Ces mesures ne semblent pas pour l’instant avoir été mises en application, mais si la parole présidentielle selon laquelle, « il faut faire ce qu’on dit, » est appliquée, il y a toute chance de penser qu’une fois que l’opinion publique se sera lassée du conflit sur les retraites, un nouveau tour de vis visant à limiter les flux migratoires, sera mis en œuvre.

-Car depuis la vague d’attentats survenus depuis 20112 à Toulouse où des enfants d’une école juive ont été sauvagement assassinés, l’étranger pour beaucoup est considéré comme un terroriste potentiel.

-L’assassinat des dessinateurs satiriques de Charlie Hebdo en 2015, et le massacre du Bataclan, n’ont rien arrangé.

Bref, l’étranger fait peur. Et comme souvent, la peur est mauvaise conseillère :

 

« Vaincre la peur de l’étranger » (11 octobre 2011)

  Nous avons peur de l'étranger et cette peur est mortelle pour certains d'entre eux et pour nos valeurs.

  A intervalles réguliers, la presse évoque avec indignation l'expulsion de travailleurs clandestins. Elle met l’accent sur l’opposition entre les associations de soutien à la cause des immigrés et les forces de polices dépêchées par le Préfet chargé d'appliquer des lois de plus en plus restrictives en matière d'accueil de l'étranger.

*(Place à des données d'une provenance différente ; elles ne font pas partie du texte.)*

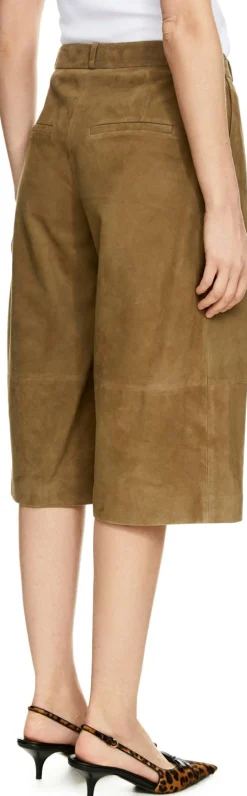 Bermuda 'Jina' aus Lammveloursleder Khaki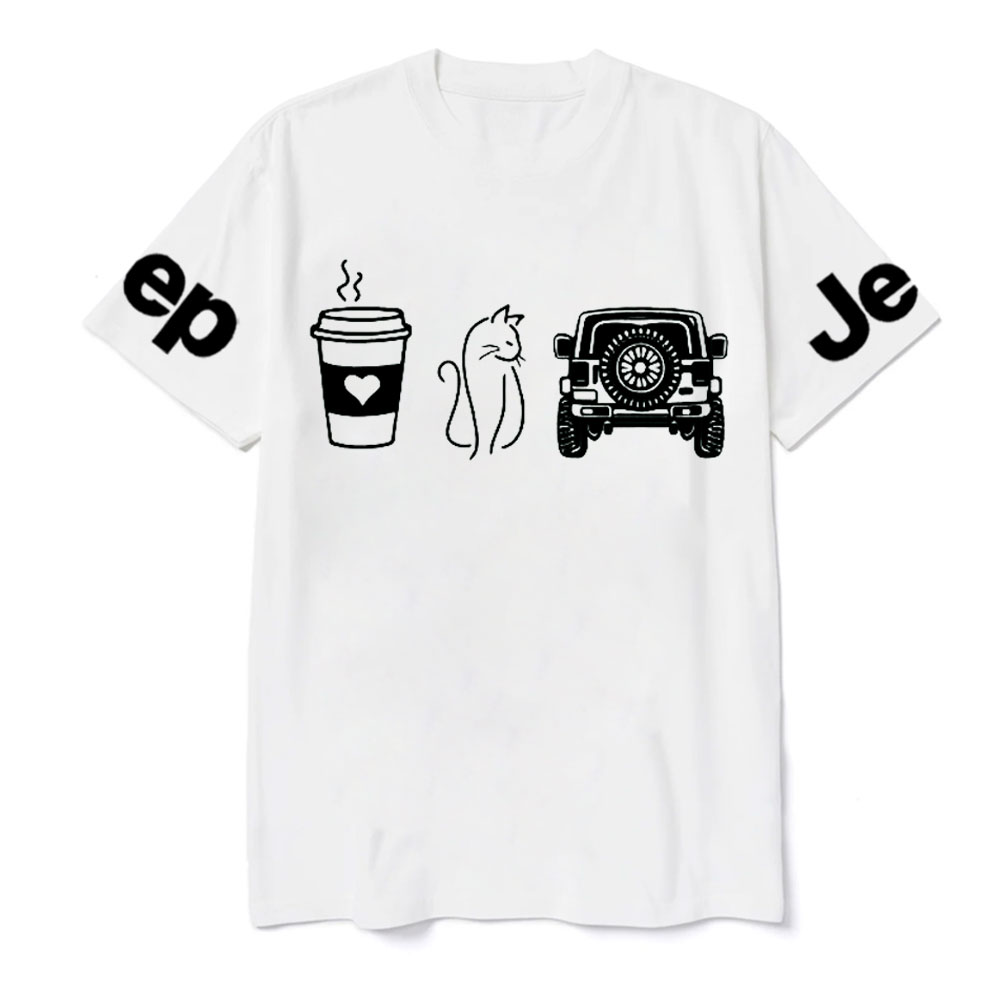 Coffee Jp and Line Art Kitten T-Shirt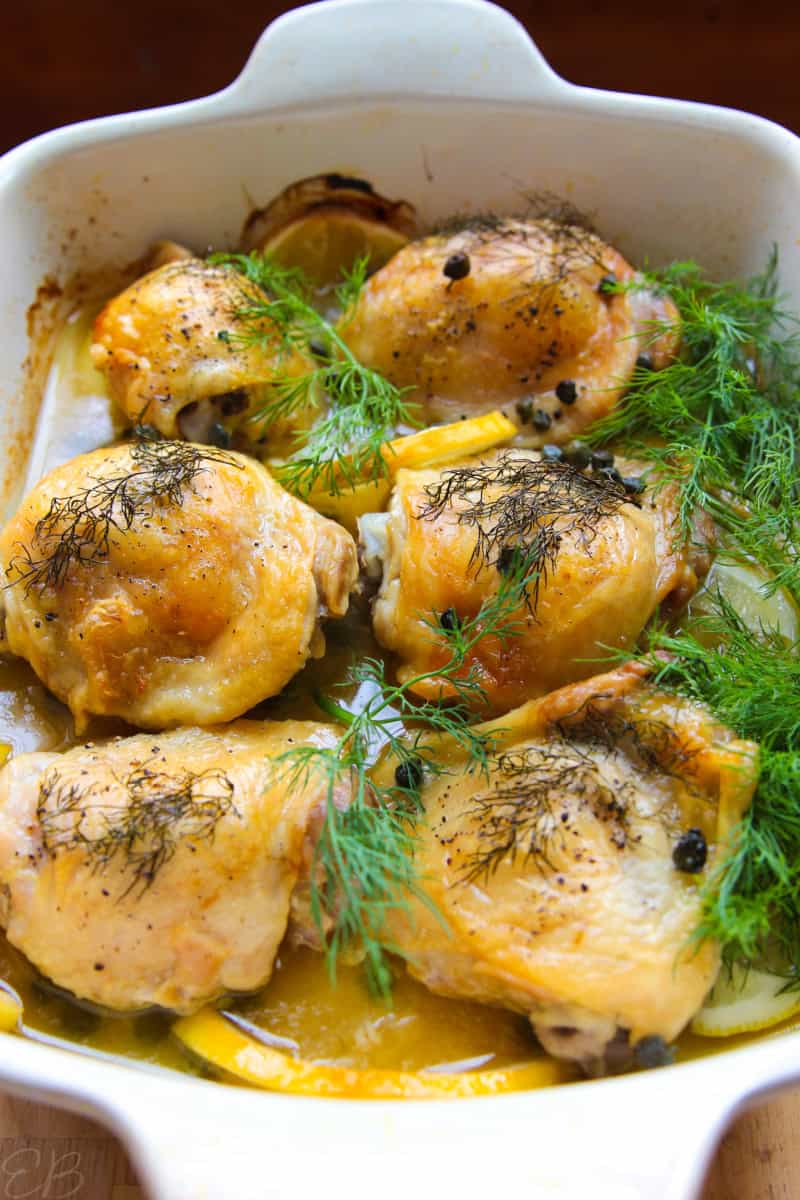 Easy baked chicken piccata in casserole dish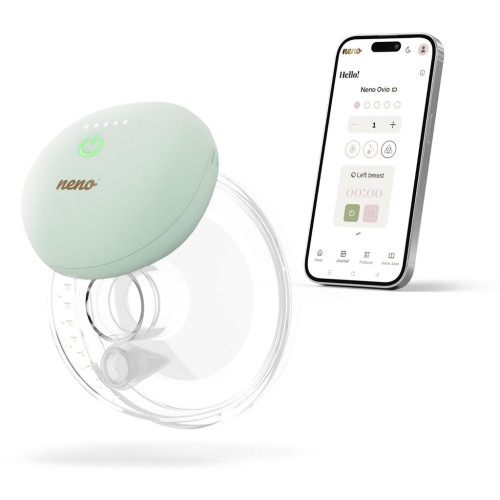 NENO Odsávačka mléka Ovio Twin Duo bezdrátová hands-free mušlová 3-fázová s aplikací, 2 × 180 ml NENO Odsávačka mléka Ovio Twin Duo bezdrátová hands-free mušlová 3-fázová s aplikací, 2 × 180 ml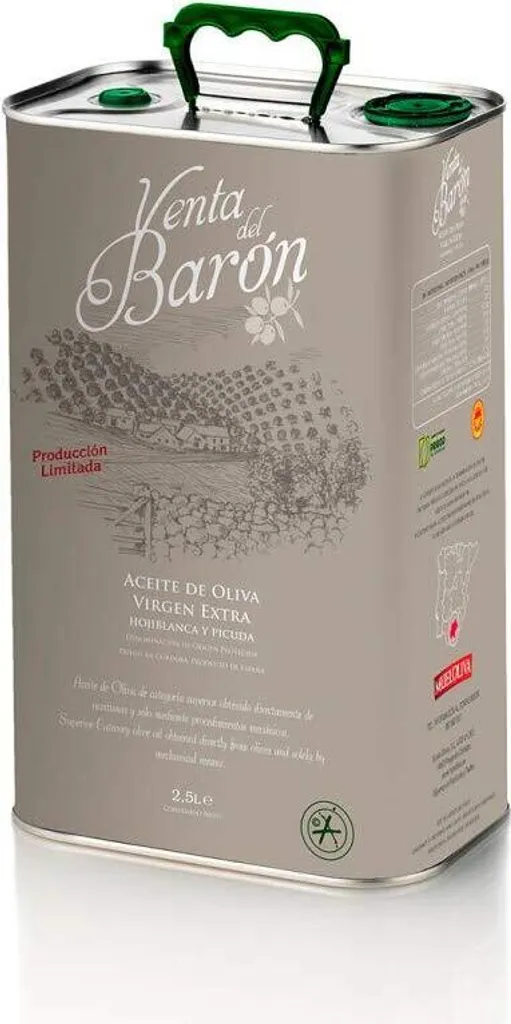 Venta del Barón - Award-Winning Premium Extra Virgin Olive Oil - Cold-Pressed - Very High Polyphenol Content - 2.5 L Canister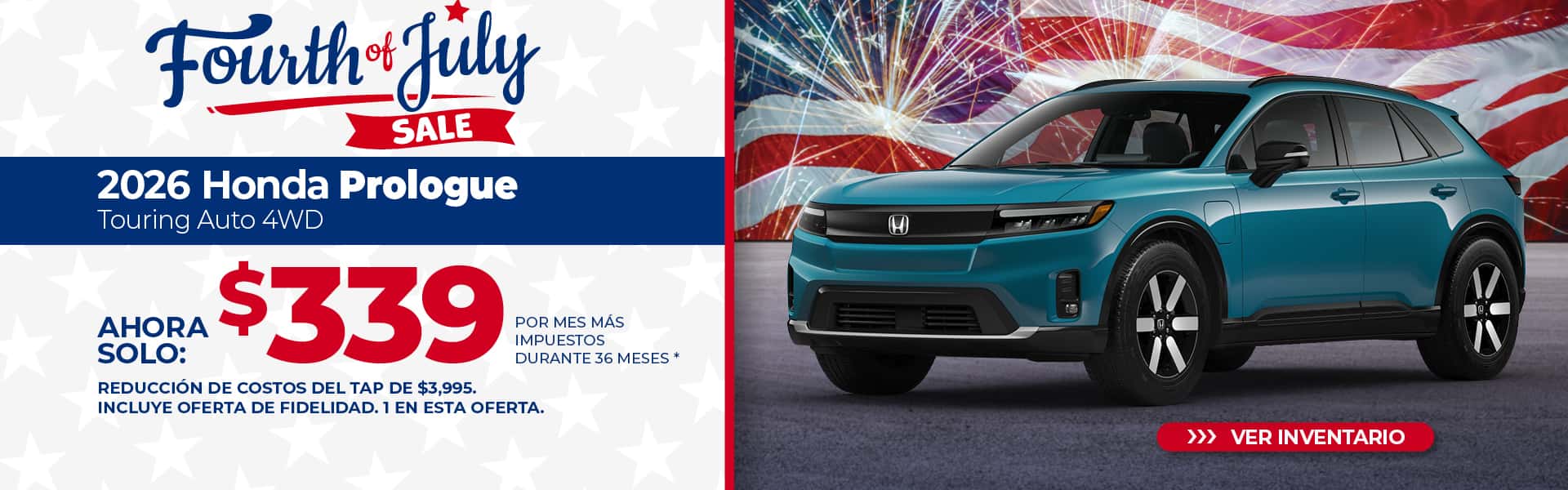 Arriende un Honda Prologue Touring 2026 por $339 al mes durante 36 meses.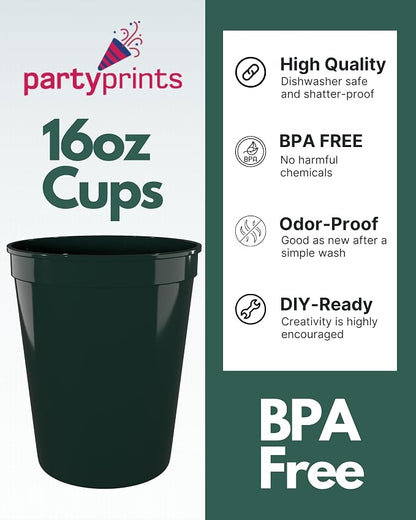PartyPrints 10 Pack 16 oz Dark Green Reusable Blank Plastic Cups, Stadium Cups - Image 2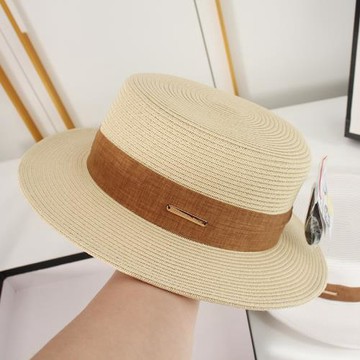 女夏季時尚百搭海邊遮陽平檐草帽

  Il n’y a qu’à se rappeler l’épisode marseillais de cet été relatif à l’expulsion des Roms,  installés en pleine ville  sur le parvis de la porte d’Aix  à la sortie de l’autoroute où se concentraient plusieurs dizaines de familles venant de Roumanie dans des conditions de salubrité indignes. Un bidonville à l’entrée de la ville sous un arc de triomphe romain bimillénaire, c’en était trop! La police fut envoyée pour faire le sale boulot et disperser dans toute la ville des populations que le droit international empêchait de renvoyer en Roumanie.

  Cette affaire qui a encore « grandi » la réputation de la ville déjà ternie par l’affaire des frères Guerini et les exécutions à la kalachnikov  de jeunes dealers dans les quartiers Nord,  est caractéristique de l’état d’esprit d’une population locale exaspérée et apeurée devant le spectacle de tels campements de la misère.

   Face à des militants « droitsdel’hommistes » qui au nom de principes humanitaires légitimes sont prêts à accueillir la terre entière, les élus locaux et les services de l’Etat et au premier chef la police font ce qu’ils peuvent pour éloigner sans trop de violence des populations que personne n’a vraiment envie de voir venir ni d’accueillir.

  Mais il n'y a pas qu'à Marseille où se déroulent à répétition des drames de l'immigration. Peu de gens s'intéressent à ce qui se passe du côté du détroit de Gibraltar ou des enclaves espagnoles de Ceuta et de Melilla en territoire marocain. Dans ces zones, où se pressent des africains subsahariens qui prennent l'Europe pour un Eldorado qu'elle n'est pas, il faut constater chaque année plusieurs centaines de décès soit dans des camions bloqués à la frontière dans une chaleur écrasante, soit dans des bateaux égarés en Méditerranée qui n'atteindront jamais la terre promise.

  En terme numérique, la révélation périodique de la découverte d'un cadavre frigorifié d'un clandestin mort étouffé dans la soute à bagages d'un avion de ligne reliant les villes d'Afrique à celles de l'Europe est presque anecdotique et ne prêterait pas d'attention si ce genre de drame n'avait pas valeur de symbole de la tragédie d'une immigration de miséreux dont nous européens qui vivons dans l'opulence, ne voulons pas.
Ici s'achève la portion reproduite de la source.